“La Iglesia enseña que el respeto hacia las personas homosexuales no puede en modo alguno llevar a la aprobación del comportamiento homosexual ni a la legalización de las uniones homosexuales. El bien común exige que las leyes reconozcan, favorezcan y protejan la unión matrimonial como base de la familia, célula primaria de la sociedad. Reconocer legalmente las uniones homosexuales o equipararlas al matrimonio, significaría no solamente aprobar un comportamiento desviado y controvertido en un modelo para la sociedad actual, sino también ofuscar valores fundamentales que pertenecen al patrimonio común de la humanidad”
Joseph Ratzinger y Angelo Amato, Congregación para la Doctrina de la Fe, 3 de junio de 2003.
¿Debe el Estado definir qué es lo verdadero en el campo de la moral?, ¿y en lo sexual?. Mi opinión es que no.
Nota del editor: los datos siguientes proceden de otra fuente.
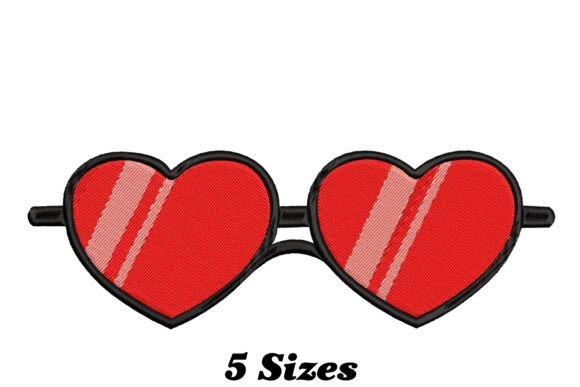 Heart Sunglasses Embroidery Review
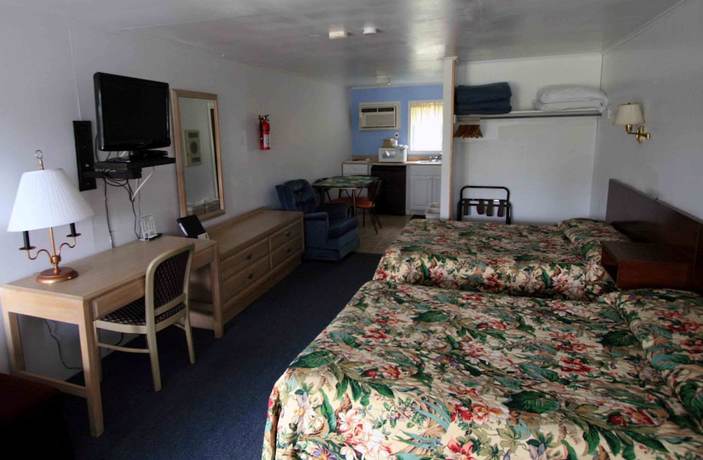 Imagen de la habitación del Hotel Cabin City Motel. Foto 5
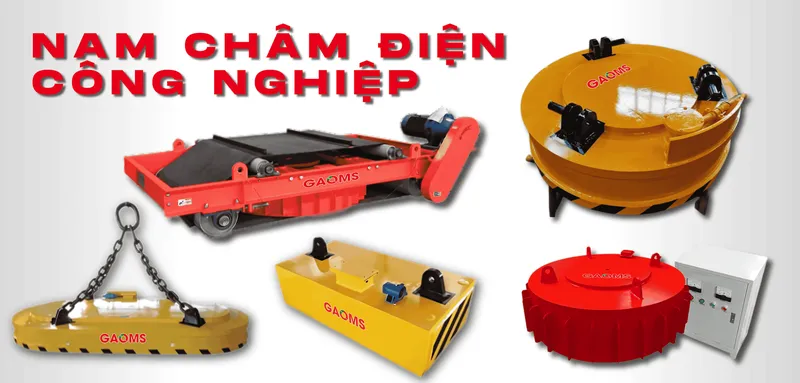 Sản phẩm nam cham dien cong nghiep — Công Ty Cổ Phần Nam Châm GAOMS Việt Nam — MST 4601612477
Voy a intentar argumentar mi posición usando para ello un asunto hoy efervescente: el matrimonio homosexual.
Poner adjetivos al matrimonio forma parte de la malhadada herencia que nos han dejado las relaciones de las iglesias con los estados. La obligación del Estado es proteger los derechos de los ciudadanos y de la sociedad; en ningún caso definir las esencias de los fenómenos sociales y/o naturales.
En sociedades complejas, como la nuestra, los sistemas de parentesco y familia –sistemas simbólicos- no explican por si mismos a la propia sociedad; hay otras instituciones y otros elementos que las conforman y definen. La antropología demuestra consistentemente que el matrimonio heterosexual y monogámico es una construcción social y, por tanto, pueden existir otras.
Apelar a la tradición, a la historia, para oponerse a este tipo de uniones es llamar también a una construcción social. Durante siglos el control del grupo sobre el individuo obstaculizó el desarrollo de la intimidad, y con ella los sentimientos familiares; y, de hecho, como nos enseñó, entre otros, Philippe Ariès hace 40 años, no es hasta bien entrado el siglo XVII cuando la familia nuclear, como la conocemos hoy, empieza a cobrar relevancia. Cuando las viejas estructuras sociales quiebran, el espacio íntimo, familiar, conyugal se convierte en el reducto de lo sentimental. Son los aires liberales que traen, sobre todo, las revoluciones industrial y francesa los que, al modernizar la sociedad, consolidan este tipo de familia, culminando un proceso que comenzó con la quiebra del feudalismo. Perry Anderson, un viejo santón de la izquierda, olvidado por la propia izquierda, ya nos mostraba estas estructuras a finales de la pasada década de los 70.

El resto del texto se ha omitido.